🤖 AI Summary
Generative AI is vulnerable to misuse in cross-lingual disinformation dissemination; however, existing red-teaming evaluation datasets are heavily skewed toward English and U.S.-centric contexts, lacking multilingual and cross-cultural robustness. To address this gap, we propose AnecDoctoring—the first automated adversarial testing framework driven by knowledge graphs constructed from multilingual fact-checking data.
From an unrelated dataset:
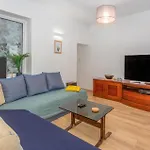 1 Bedroom Cozy In Dom wakacyjny *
It synergistically integrates clustering analysis, graph-based reasoning, and large language models to generate culturally grounded, cross-lingual adversarial prompts. Our method significantly enhances the interpretability, generalizability, and practicality of red-teaming attacks, achieving higher attack success rates across English, Spanish, and Hindi. Empirical validation confirms the necessity and feasibility of global, multilingual red-teaming evaluation, offering a scalable technical pathway for defending generative AI against cross-lingual disinformation.
📝 Abstract
Disinformation is among the top risks of generative artificial intelligence (AI) misuse. Global adoption of generative AI necessitates red-teaming evaluations (i.e., systematic adversarial probing) that are robust across diverse languages and cultures, but red-teaming datasets are commonly US- and English-centric. To address this gap, we propose"anecdoctoring", a novel red-teaming approach that automatically generates adversarial prompts across languages and cultures. We collect misinformation claims from fact-checking websites in three languages (English, Spanish, and Hindi) and two geographies (US and India). We then cluster individual claims into broader narratives and characterize the resulting clusters with knowledge graphs, with which we augment an attacker LLM. Our method produces higher attack success rates and offers interpretability benefits relative to few-shot prompting. Results underscore the need for disinformation mitigations that scale globally and are grounded in real-world adversarial misuse.